Love is no paradise in the songs of Sophie Allison, 20, who records as Soccer Mommy. It’s a realm of misunderstandings, disappointments, unfulfilled longings and everyday betrayals, and Soccer Mommy’s songs recount them in a haze of acceptance and resentment. “In the summer you said you loved me like an animal/Stayed beside me just enough to keep your belly full,” Ms.
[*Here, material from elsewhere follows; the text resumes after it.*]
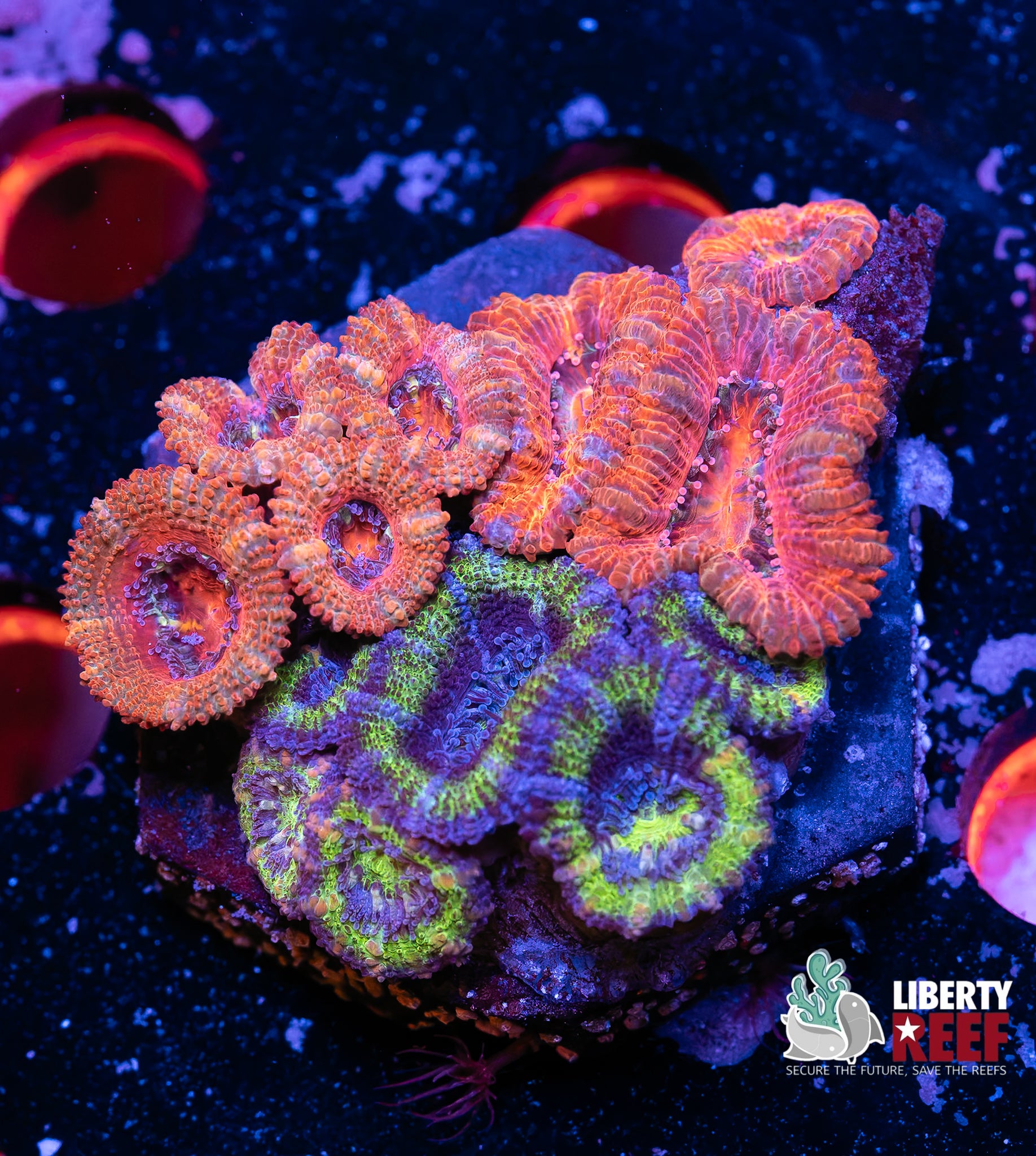Ultra Acan Garden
Allison sings in “So Clean”; then she devotes the remaining verses to missing him, predatory as he is, through the fall, winter and spring.
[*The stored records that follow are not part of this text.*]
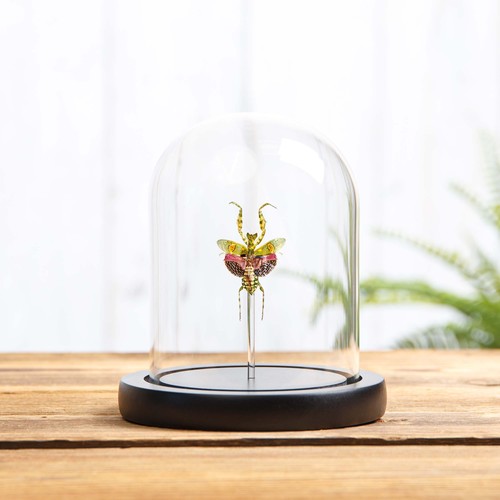 Taxidermy jewelled flower - taxidermy,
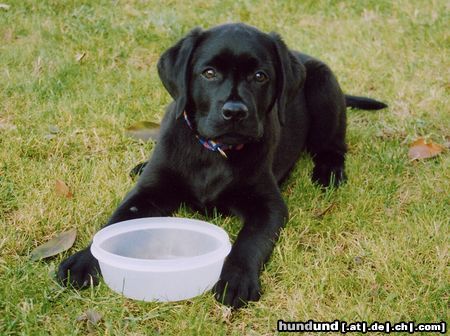 Labrador Retriever Max - So klein und schon so viel Durst ...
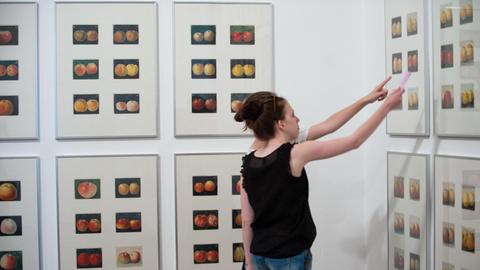 documenta-Besucherinnen betrachten am Mittwoch (04.07.2012) im Museum Fridericianum in Kassel das Werk "Apples 1912-1960s" von Korbinian Aigner, das 372 Zeichnungen zeigt.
Soccer Mommy joins a wavelet of young women — along with Julien Baker, Phoebe Bridgers, Mitski and many others — who are using gentle voices, pristine melodies and the expressive imperfections of indie rock for songs that probe vulnerability and trauma, self-sabotage and self-preservation. They are continuing a longstanding role of female singer-songwriters as pop’s bearers of emotional sensitivity and catharsis. But in the era of SoundCloud and Bandcamp, they need no one’s help or permission to go public. Whether anyone will listen is another question, but Soccer Mommy got through.

Ms. Allison began posting home-recorded songs to Bandcamp as Soccer Mommy in 2015, during the summer when she was about to leave her hometown, Nashville, for college at New York University. (She has since dropped out and returned to Nashville to pursue her music career.) As Soccer Mommy, she wrote about leaving behind her first love, about new independence and infatuations, about dodging the gaze of parents, about having to suddenly feel “grown.” At first, with just a guitar, she was lonely and forlorn above all; her early digital EPs were titled “Songs for the Recently Sad” and “Songs From My Bedroom.”

But she soon gathered additional instruments and confidence, turning Soccer Mommy into an indie-rock band and getting signed to Fat Possum. She reworked six Bandcamp songs and added two newer, more assertive ones for “Collection,” released last year.

“Clean” — with nine songs and an instrumental interlude — is billed as Soccer Mommy’s debut album, Ms. Allison’s first to be conceived as a whole and recorded in a studio with backup musicians and a producer. It takes pains not to be at all slick. Ms. Allison’s voice often droops a little flat, instruments are hand-played rather than programmed and the mix is proudly smudgy. As if to insist that Soccer Mommy is still loyal to low-fi, a few songs flaunt deliberate studio glitches. A demo take is suddenly spliced into “Still Clean,” while in “Cool,” the sound of a tape slowing down derails the big rock buildup at the end.

But even as it clings to indie modesty, “Clean” greatly expands the scope of Ms. Allison’s songs in both words and music. She’s not just sweet, sad and lovelorn any more. She’s riled enough, amid the tangle of guitar lines in “Your Dog,” to announce: “I want a love that lets me breathe/And I’ve been choking on your leash.” And she’s blunt and skeptical enough to face her insecurities about whether she could possibly live up to her boyfriend’s ex in “Last Girl,” with a chorus that asks, even as it echoes the beat of 1960s girl groups, “Why would you still want to be with me? She’s got everything.”

On Soccer Mommy’s previous band-style recordings, songs tended to stick to one sound from start to finish: a watery guitar strum, a certain band beat. But “Clean” is full of changes, newly willing to use contrast and dynamics. “Blossom (Wasting All My Time),” a song about “wondering if you really love me” and finding someone better, starts and ends with a strummed guitar, but opens out depths of bass and reverberation along the way.

“Skin,” a song about deep physical yearning — “I’m clawing at your skin trying to see your bones” — juxtaposes a stolid drumbeat with an octave-leaping vocal line and multiple tiers of guitars and glockenspiel, striving to incarnate the craving in sound. But she also matter-of-factly adds, “I wish you also felt like this.” Both cleareyed and passionate, she is growing up in public, unabashed.